Scans showing two large town houses the size of Chichester’s Pallant House Gallery – most likely lived in by members of the aristocracy – and a third building, of great interest because of its unusual shape, have stunned local archaeologists.
“For Chichester we have never seen anything like this,” said James Kenny, archaeologist at Chichester District Council. “This is far and away the most complete series of Roman plans that we’ve ever come across.”
The discovery was made by geophysics specialist David Staveley from East Sussex, using ground penetrating radar equipment to scan the parks in Chichester, on Mr Kenny’s recommendation.
Following the scan results, Mr Kenny and members of Chichester & District Archaeology Society carried out a small dig last year, 30m south of the Guildhall, where foundations were found just 40cm below the ground.

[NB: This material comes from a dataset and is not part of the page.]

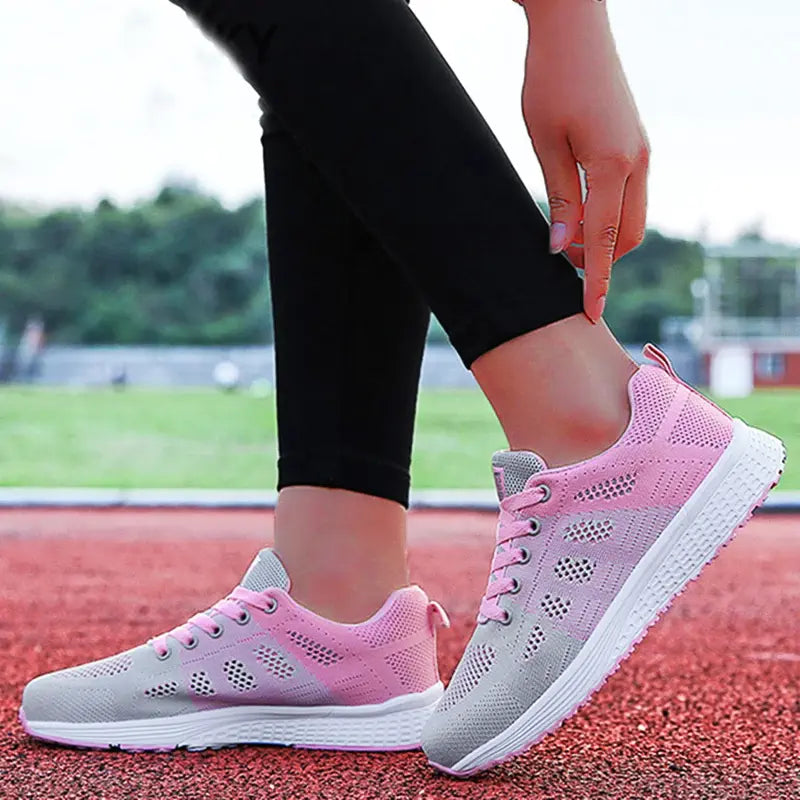 Scarpe da ginnastica da donna in tessuto a rete, stringate e traspiranti.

Mr Kenny said: “What’s remarkable about this discovery is that it has survived over 1,000 years in a currently occupied city.
“The only reason they have survived is because they are under a park that has never been built on.
“It’s almost unique to see Roman houses survive in this type of setting and to be so complete.
“The location marks what may have been one of the more affluent parts of the Roman town, with these houses being the equivalent to a property worth millions of pounds in today’s society.
“The two houses have walls surrounding complete rooms, which are set around a courtyard or atrium.
“There is also a deep masonry building with a rounded end.
“We are intrigued to find out what this building is. It could be a cellar, part of a bath house, or something even more exciting. We can’t wait to find out.”
The astonishing find adds to Chichester’s rich Roman history, which includes the city walls, the Roman Bath House in the Novium Museum and – outside the city – Fishbourne’s Roman Palace.
A community dig is planned for late spring/early summer so people can see the thrilling Roman finds for themselves.
Amateur archaeologists will be involved and future opportunities are being explored for school visits.
“The first excavation proved the finds are Roman, the next trial excavation will hopefully identify what the buildings are and what else survives within them,” archaeologist James Kenny said, adding that any artefacts dug up would go in the Novium Museum.
The district council is identifying funding opportunities to allow more detailed digs next year, to tie in with Priory Park’s centenary year.
After 3D images are made the ground is likely to be completely replaced.
Susan Taylor, CDC cabinet member for planning, said: “This is very exciting. If the find turns out as we hope it will further enhance Chichester’s reputation as a Roman city.
“It’s so important that the community will be engaging in excavations, it will awaken interest in archaeology... and children will be able to see examples of the Roman history that they are learning about in school.”